Dirk Hovy
Fri 10 Apr 2015, 11:00 - 12:30
Informatics Forum (IF-4.31/4.33)

If you have a question about this talk, please contact: Diana Dalla Costa (ddallac)

ABSTRACT:

The way we express ourselves is heavily influenced by our demographic background and our communicative goals. In NLP, however, we have mostly worked under the assumption that the main goal of language is information, and that our data is representative of all demographics. As NLP is applied to more and more domains and text types, these assumptions are challenged. Sociolinguistics has long investigated the interplay of demographic factors and language use, and it seems likely that these factors also find their way into the data we use to train NLP systems.
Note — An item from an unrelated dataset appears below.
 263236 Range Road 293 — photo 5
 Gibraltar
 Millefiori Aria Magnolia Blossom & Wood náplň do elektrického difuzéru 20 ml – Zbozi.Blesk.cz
The result is reduced performance and potentially disadvantaging certain groups of speakers. This suggests that some of the problems we have addressed in domain adaptation might actually require demographic adaptation. In this talk, I will show how we can combine modern, statistical NLP methods and sociolinguistic theories to the benefit of both fields. I present ongoing research into large-scale analysis of demographic language variation, how this variation affects the performance (and fairness) of NLP systems, and how we can address these problems by incorporating demographic information.

 

BIOGRAPHY:

Dirk Hovy is a postdoc at the University of Copenhagen, working with Anders Søgaard. His interests include lexical semantics, non-standard language, and the interaction of extra-linguistic factors and language use. Dirk holds an MA in sociolinguistics from the University of Marburg, and received his PhD in NLP from the University of Southern California, where he worked on unsupervised relation extraction. He has authored multiple papers on WSD, supersenses, NLP for social media, and annotation. He recently shared best paper awards at EACL 2014 and *SEM 2014 for the work with his colleagues in Copenhagen. Outside of research, Dirk enjoys cooking, tango, and leather-crafting, as well as picking up heavy things and putting them back down.